Do you believe a full moon can bring out the worst in people? Well there are some gardeners that think the moon can affect plants too. The idea is called moon phase gardening and the belief is the moon’s gravity can affect the way plants process water and nutrients. A little research and you might find yourself believing the practice is based on some solid science, but it’s not! Here are a few of the rules behind moon phase gardening and the science that says to avoid taking this gardening trend too seriously.

Meteorologist Alex Calamia debunks some of the claims behind “moon phase gardening”.

Myth 1: Plant certain crops during certain moon phases.

The moon is our closest neighbor in the sky and perhaps that’s how the idea behind moon gardening started in the first place. Moon garden folklore goes back as far as the Mayans. There’s a belief the moon’s position in the sky has an impact on living things. 

Moon phases have an affect on some aspects of our world, particularly ocean tides. The highest high tides and lowest high tides happen during the new and full moon phases because the moon and the sun are lined up. During these two moon phases, the moon’s gravity isn’t lowered by the sun’s gravity, in fact, it’s enhanced by it! Oceans make up more than 70% of the Earth’s surface and have a vast surface area so even something so minor like the moon’s gravity can bulge the surface of the ocean upward.

The idea behind “moon phase gardening”

Gardeners using moon phase gardening may explain the moon’s gravity can effect the water flow inside plants too.
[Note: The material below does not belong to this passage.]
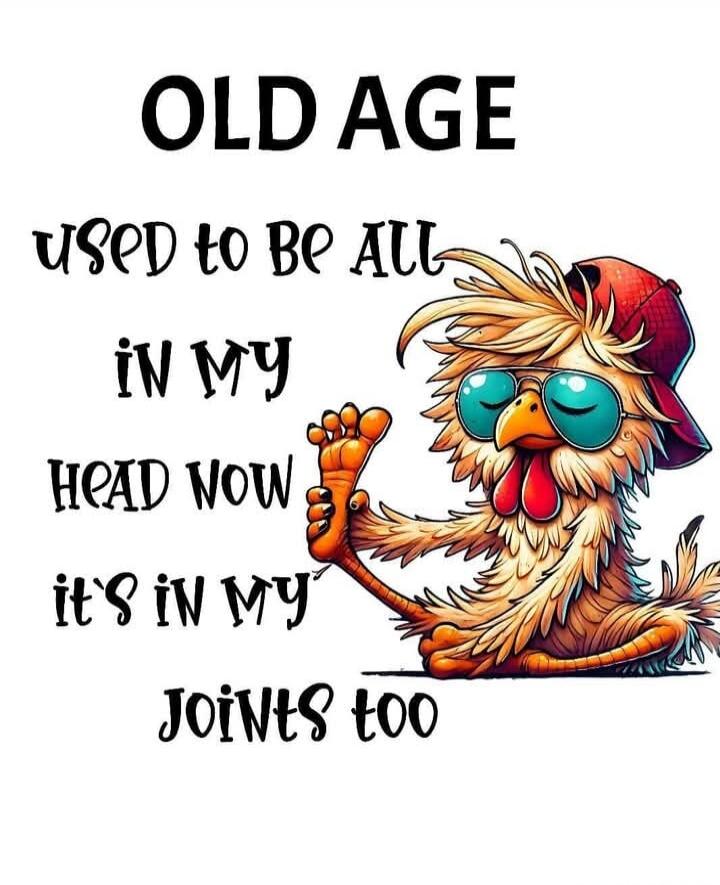 OLD AGE used to be all IN MY HEAD NOW it's in MY JOINTS too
That’s why people planting based on moon phases say to plant leafy greens when the moon is waxing (getting closer to full moon), root crops when the moon is waning (leaving the full moon phase), or plant leafy greens during the new moon. This idea is flawed because water doesn’t passively ebb and flow in plants like it does in the ocean. 

“If that were true, you’d have sap moving up and down twice a day on plants. That would just wreak havoc on their system”, Clemson extension agent Jackie Jordan explains.

Unlike the ocean, plants are constantly defying even the Earth’s strong gravity. Each plant contains hormones that tell seeds to sprout roots down and shoots up using cues from gravitational forces. As plants grow they develop a network of structures called the xylem and the phloem. The Xylem transports water upward, and the phloem transports nutrients from photosynthesis throughout the plant. When theses structures aren’t doing their job effectively (like hot and humid days or after a damaging freeze), plants wilt. There’s no observable change depending on moon phases and the moon’s gravity is so insignificant to a plant that it’s not possible for moon phases to affect plants in this way.

Myth 2: A full moon helps plants grow faster

It’s true that plants get an extra boost when days are longer or brighter. Alaska is known for producing mega sized crops each summer because of the nearly endless sunlight and some plants can live for years off the florescent lights in an office building. The light in both these instances is a lot more significant than even the brightest full moon which, according to Jackie Jordan, is 400-thousand times dimmer than full sunlight. Compared to even a street light, the full moon doesn’t have enough light to affect plants noticeably, but Jordan mentions artificial light does have an affect on plants that require shorter days to begin blooming – like chrysanthemum and poinsettias.

Full moons do historically have an important role in gardens because farmers used to rely on these brighter nights to work in the fields. This is why the last full moon of the summer is called the “Harvest moon” and many other full moon phases have names deriving from farming.

Plumeria flowers on my porch during a full moon

Planting at the right time is important

When it comes to moon phase gardening, experts agree “It might be something fun, but I’d say you’re better off if you pay attention to things that really do matter, temperature, humidity”, Jackie Jordan explains. Moon phase gardening limits gardeners to only a few days each month for planting and harvesting certain crops. This is detrimental for crops that need to be harvested almost daily. Peas need to be harvested constantly, otherwise the pods will become hard and inedible and the plant will stop producing new pods because it’s already finished it’s purpose – reproduction.

Make no mistake, timing is everything, but instead of focusing on moon phases, gardeners should pay close attention to the weather and the climate needs an individual plant requires for success. The Clemson Extension has a great resource on their website for gardeners in South Carolina that need some advice about when to plant certain crops to avoid damaging weather or insects. The weather can change in an instant so when the timing is right, take some time to start planting!